Copy out exactly, from the entries that follow, the line holding "4 in Marker", the line holding "6 x 4 ft Outdoor", and all lines between them, but no pictures.

Provided records:

========

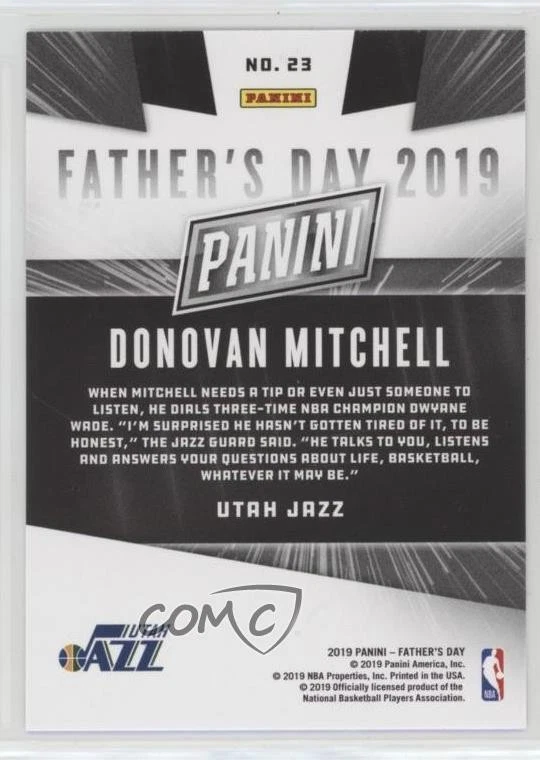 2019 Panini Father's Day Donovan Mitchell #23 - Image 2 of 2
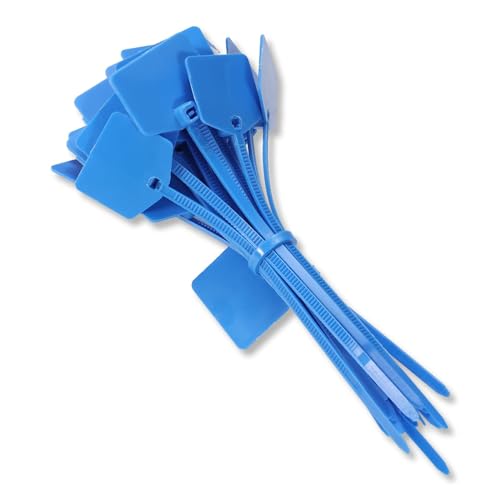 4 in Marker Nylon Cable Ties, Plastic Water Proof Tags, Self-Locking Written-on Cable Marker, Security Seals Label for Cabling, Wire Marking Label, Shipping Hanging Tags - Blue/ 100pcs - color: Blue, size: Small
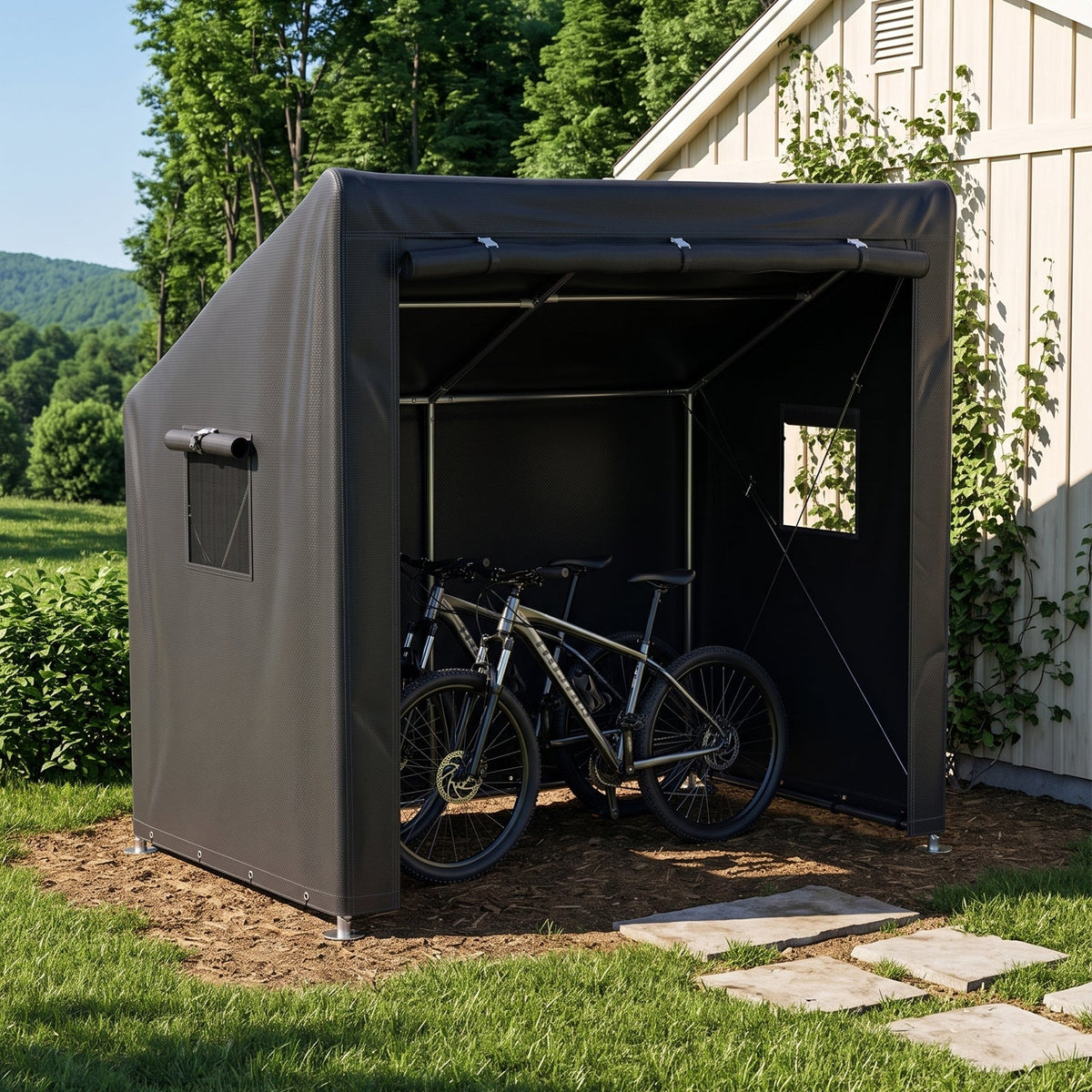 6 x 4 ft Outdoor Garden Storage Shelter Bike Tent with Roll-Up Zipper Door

========

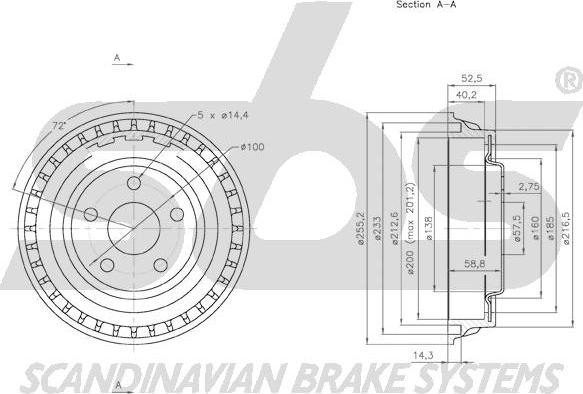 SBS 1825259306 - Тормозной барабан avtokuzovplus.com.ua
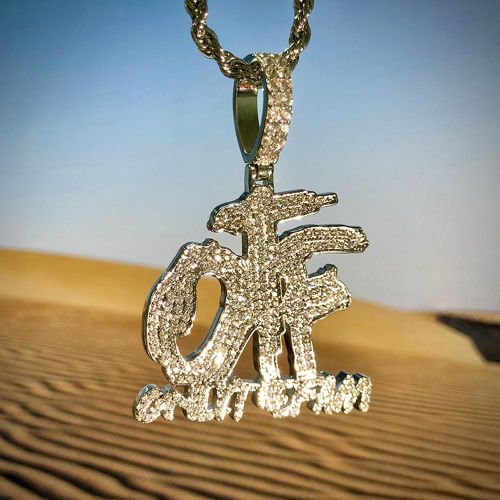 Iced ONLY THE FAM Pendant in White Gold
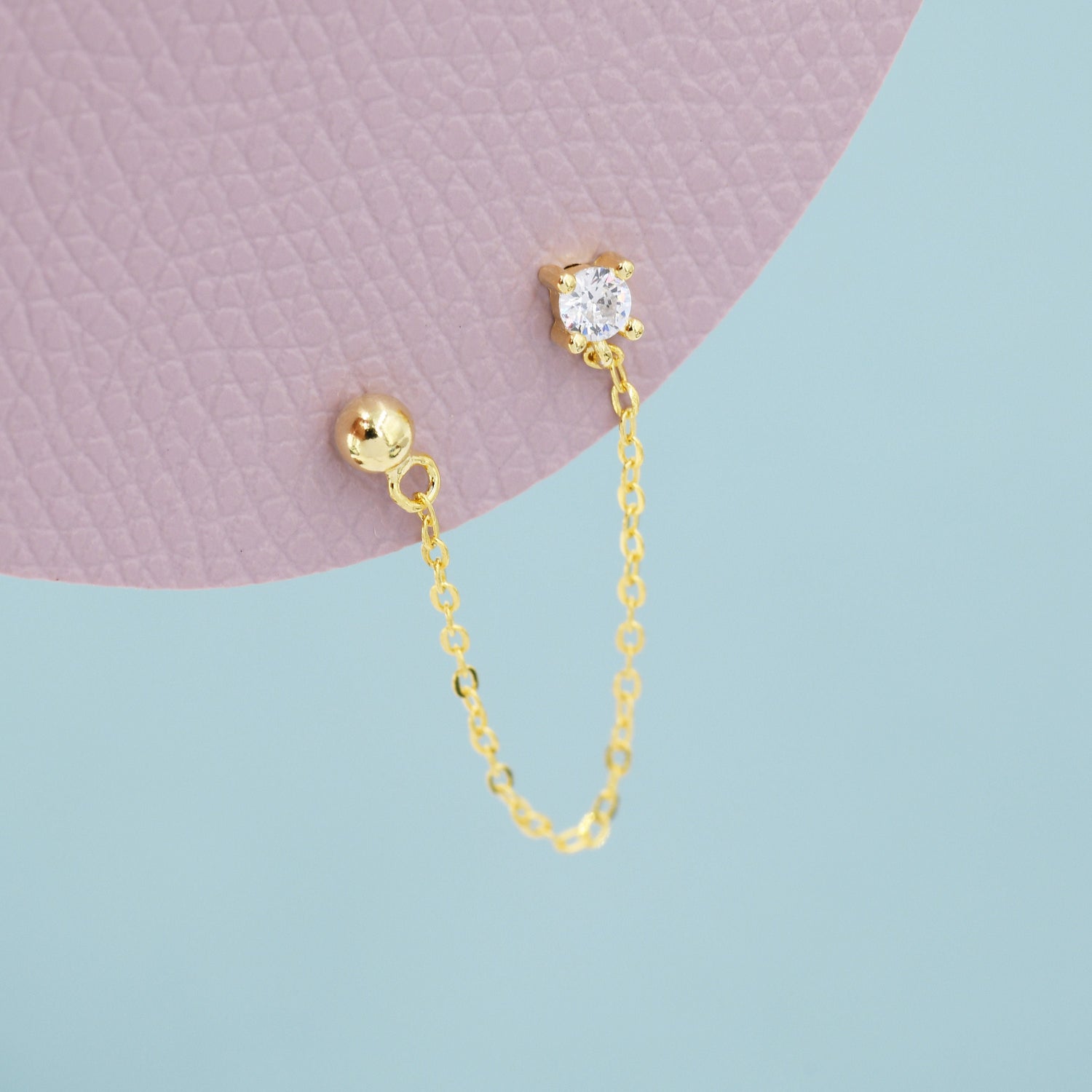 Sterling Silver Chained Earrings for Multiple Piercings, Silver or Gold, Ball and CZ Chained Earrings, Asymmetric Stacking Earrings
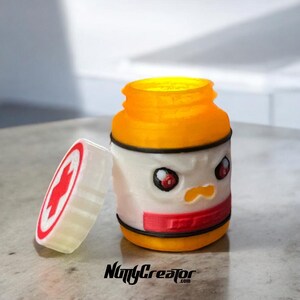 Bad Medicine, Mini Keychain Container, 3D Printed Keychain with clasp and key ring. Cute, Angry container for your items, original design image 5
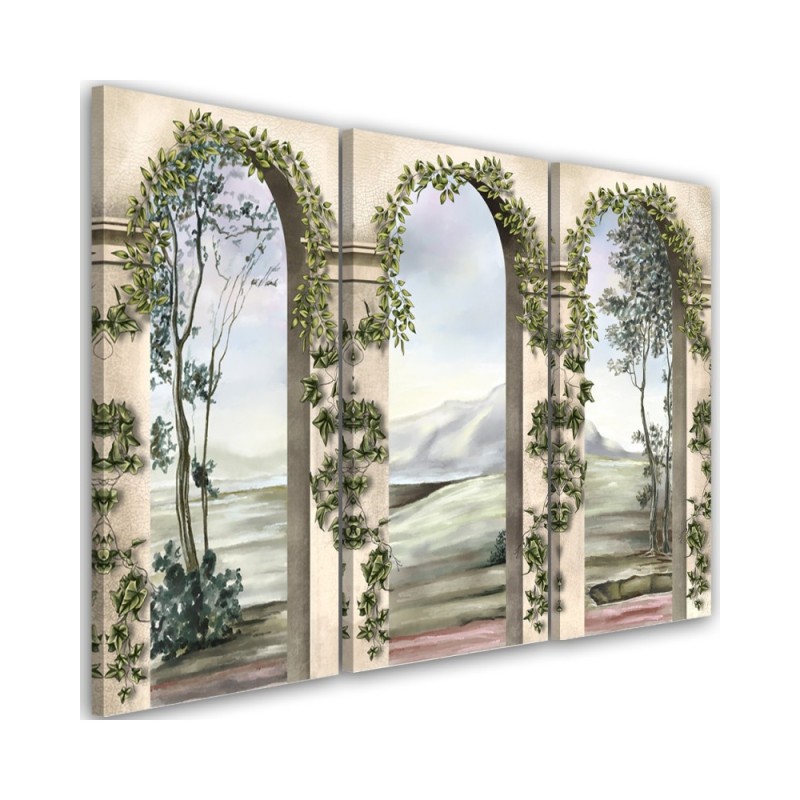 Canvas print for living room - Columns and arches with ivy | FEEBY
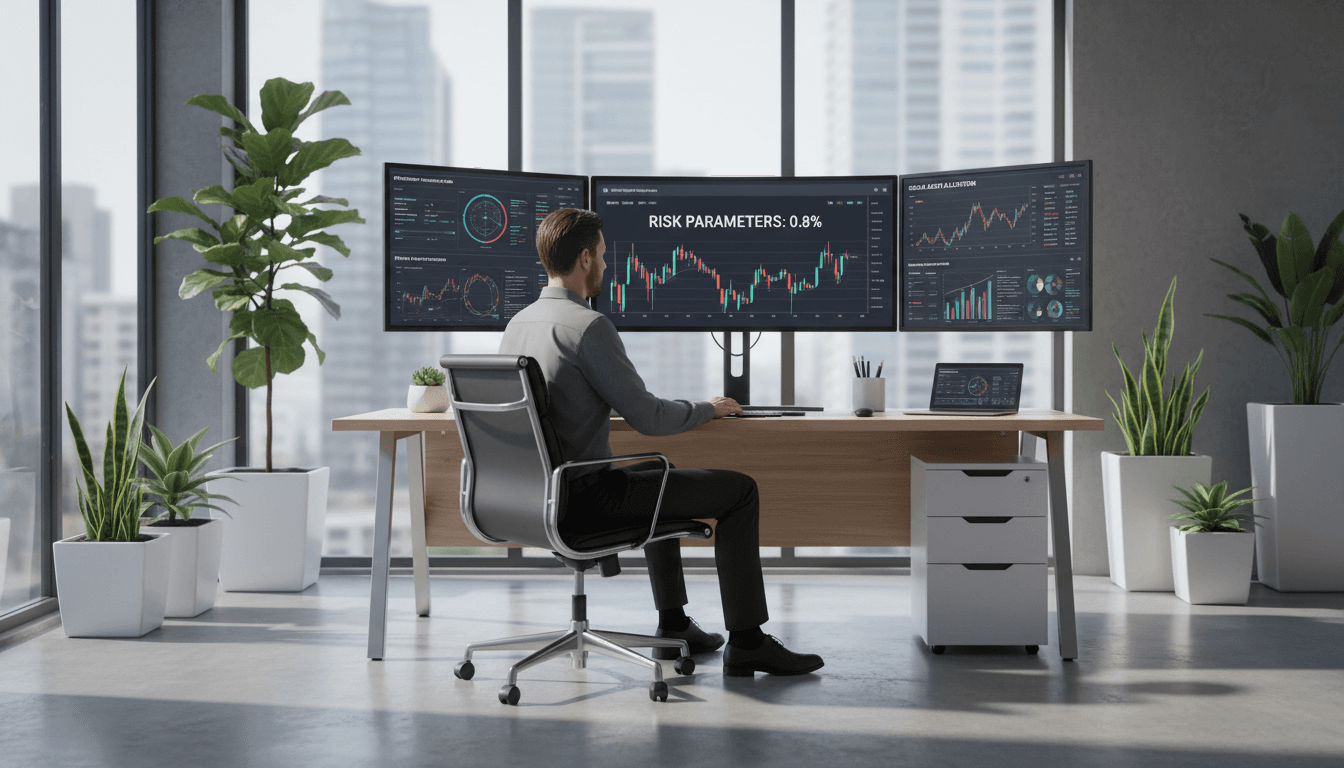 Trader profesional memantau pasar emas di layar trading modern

========

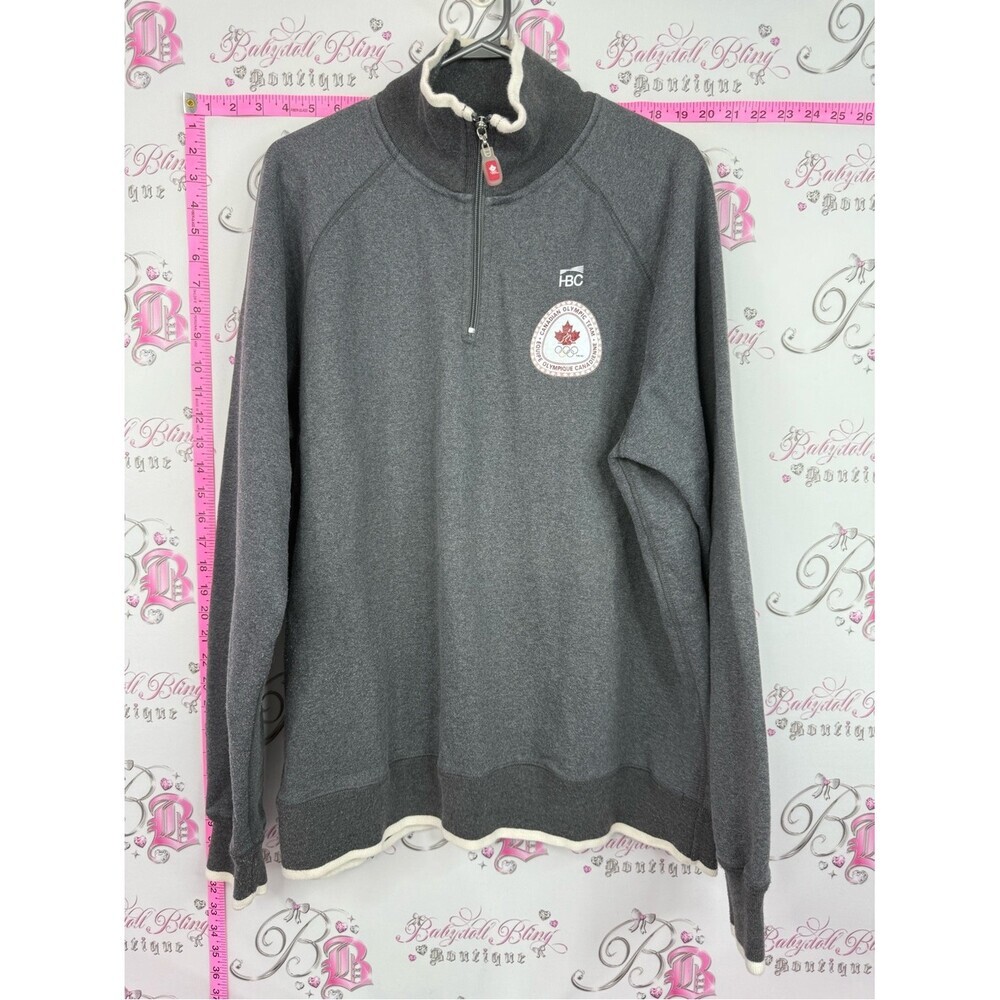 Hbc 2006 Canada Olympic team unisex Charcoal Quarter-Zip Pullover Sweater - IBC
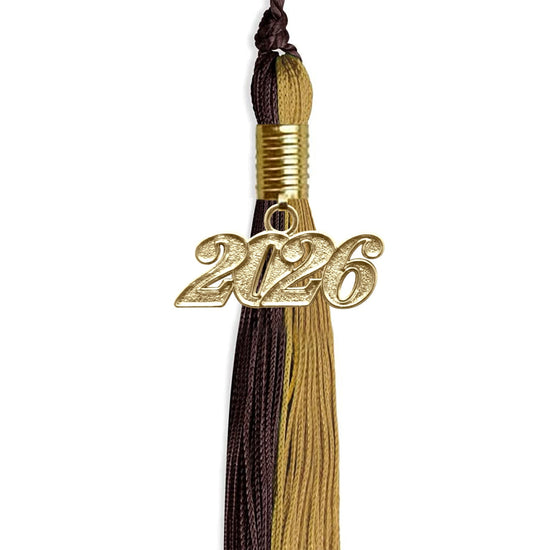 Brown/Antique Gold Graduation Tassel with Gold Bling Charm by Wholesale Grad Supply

========

Written solution:
 4 in Marker Nylon Cable Ties, Plastic Water Proof Tags, Self-Locking Written-on Cable Marker, Security Seals Label for Cabling, Wire Marking Label, Shipping Hanging Tags - Blue/ 100pcs - color: Blue, size: Small
 6 x 4 ft Outdoor Garden Storage Shelter Bike Tent with Roll-Up Zipper Door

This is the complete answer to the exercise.